RECORD EXCERPTS>
_ _ _ _

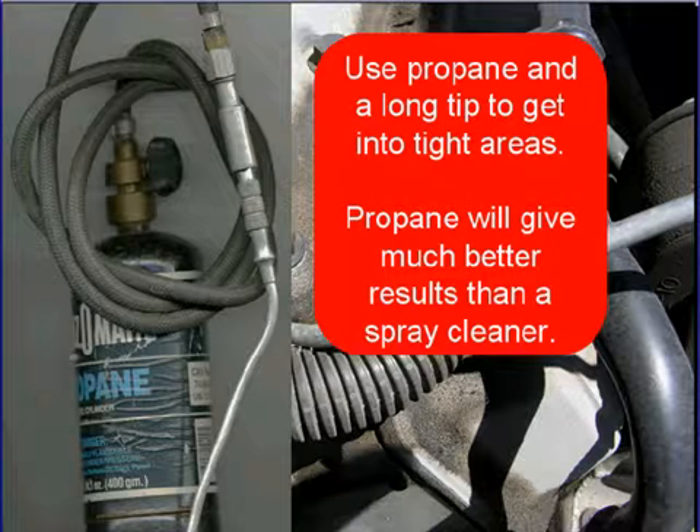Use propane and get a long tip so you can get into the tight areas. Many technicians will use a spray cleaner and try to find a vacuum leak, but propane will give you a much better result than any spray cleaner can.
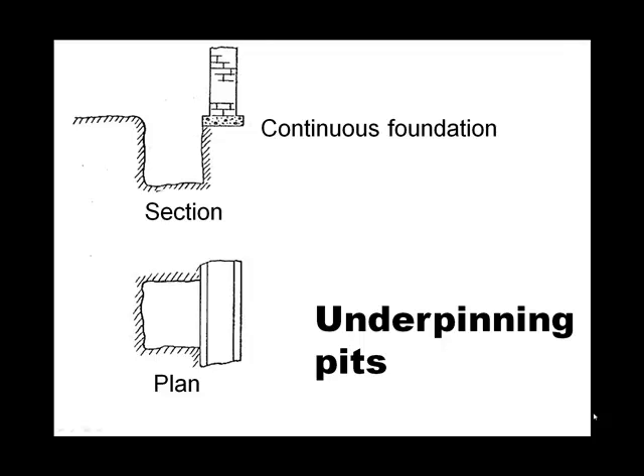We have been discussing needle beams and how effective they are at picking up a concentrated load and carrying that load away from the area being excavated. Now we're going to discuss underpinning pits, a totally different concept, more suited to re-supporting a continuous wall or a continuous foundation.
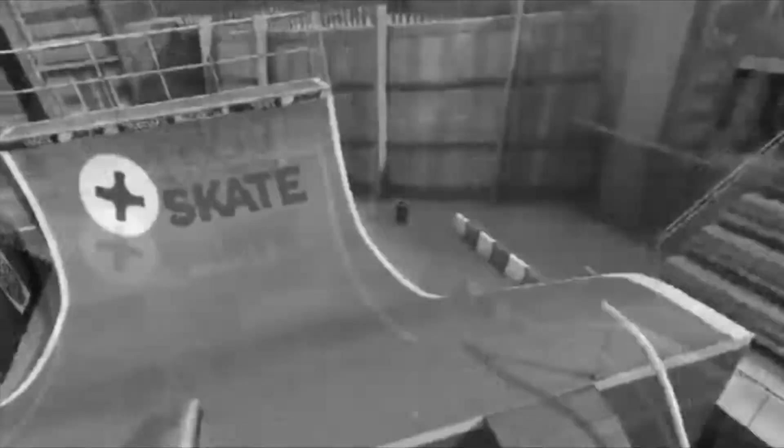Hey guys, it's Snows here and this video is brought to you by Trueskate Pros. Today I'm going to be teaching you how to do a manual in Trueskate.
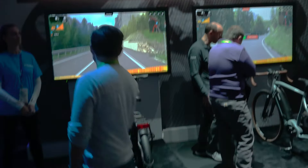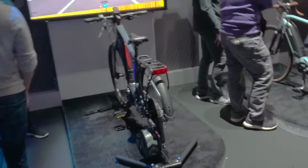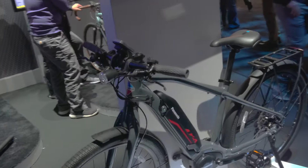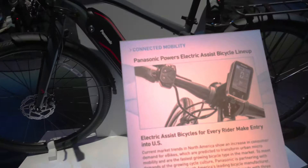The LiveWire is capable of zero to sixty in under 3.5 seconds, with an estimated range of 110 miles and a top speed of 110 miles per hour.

_ _ _ _

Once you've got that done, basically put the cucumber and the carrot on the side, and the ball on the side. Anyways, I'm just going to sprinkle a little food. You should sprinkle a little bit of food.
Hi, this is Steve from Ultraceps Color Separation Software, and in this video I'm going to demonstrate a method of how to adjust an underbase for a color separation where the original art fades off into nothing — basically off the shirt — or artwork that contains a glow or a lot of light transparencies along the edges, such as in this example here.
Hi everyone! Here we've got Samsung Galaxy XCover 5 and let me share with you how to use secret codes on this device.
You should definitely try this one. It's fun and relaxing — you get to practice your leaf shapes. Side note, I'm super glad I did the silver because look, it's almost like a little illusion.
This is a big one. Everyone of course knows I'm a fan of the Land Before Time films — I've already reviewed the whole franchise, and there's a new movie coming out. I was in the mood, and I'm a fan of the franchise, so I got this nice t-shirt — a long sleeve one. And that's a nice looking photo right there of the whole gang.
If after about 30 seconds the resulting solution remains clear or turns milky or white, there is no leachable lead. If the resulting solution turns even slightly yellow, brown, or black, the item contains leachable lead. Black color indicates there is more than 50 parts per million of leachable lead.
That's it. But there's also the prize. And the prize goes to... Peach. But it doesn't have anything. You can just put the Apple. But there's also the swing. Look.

_ _ _ _

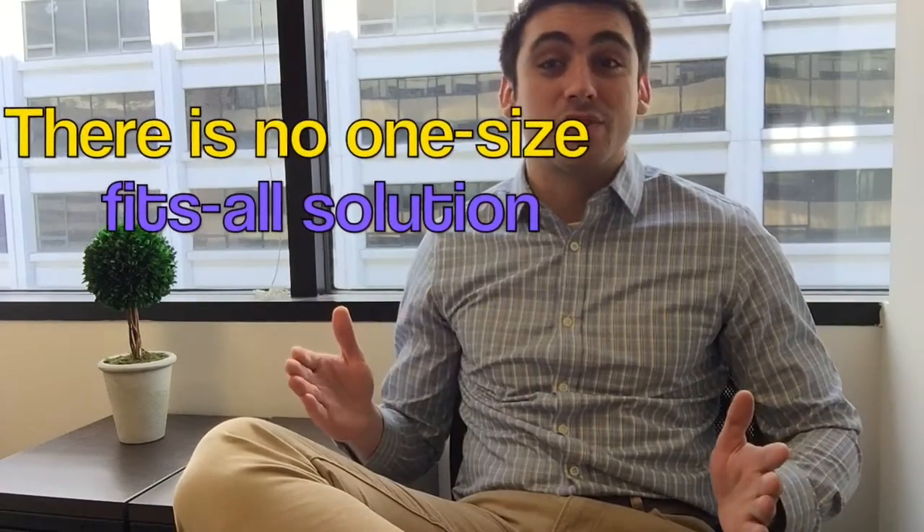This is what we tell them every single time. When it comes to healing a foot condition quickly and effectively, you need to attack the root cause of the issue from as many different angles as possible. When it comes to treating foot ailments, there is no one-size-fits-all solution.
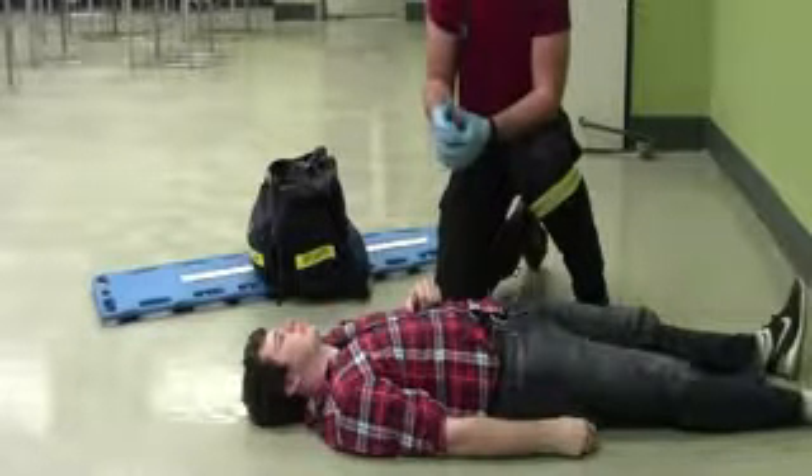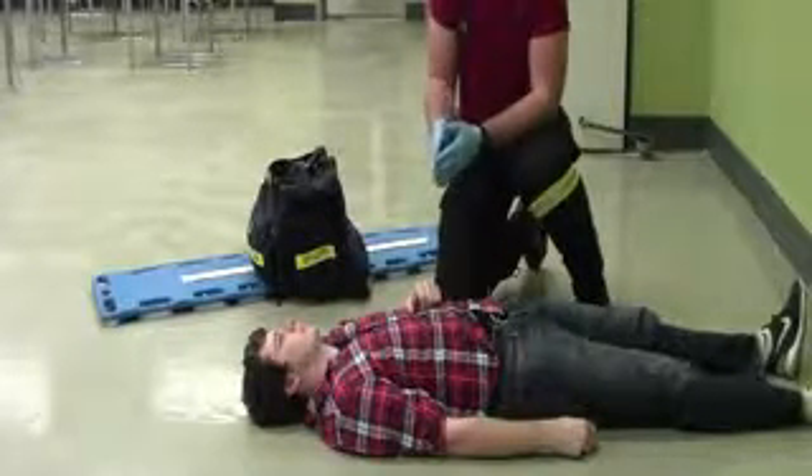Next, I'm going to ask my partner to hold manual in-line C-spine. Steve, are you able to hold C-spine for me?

_ _ _ _

WHAT YOU HAVE TO DO> Within the listing above, print exactly the stretch beginning at the line that contains "Use propane and" and finishing at the line that contains "The LiveWire is", ends kept, pictures left out, and nothing more.

TASK SOLUTION>
Use propane and get a long tip so you can get into the tight areas. Many technicians will use a spray cleaner and try to find a vacuum leak, but propane will give you a much better result than any spray cleaner can.
We have been discussing needle beams and how effective they are at picking up a concentrated load and carrying that load away from the area being excavated. Now we're going to discuss underpinning pits, a totally different concept, more suited to re-supporting a continuous wall or a continuous foundation.
Hey guys, it's Snows here and this video is brought to you by Trueskate Pros. Today I'm going to be teaching you how to do a manual in Trueskate.
The LiveWire is capable of zero to sixty in under 3.5 seconds, with an estimated range of 110 miles and a top speed of 110 miles per hour.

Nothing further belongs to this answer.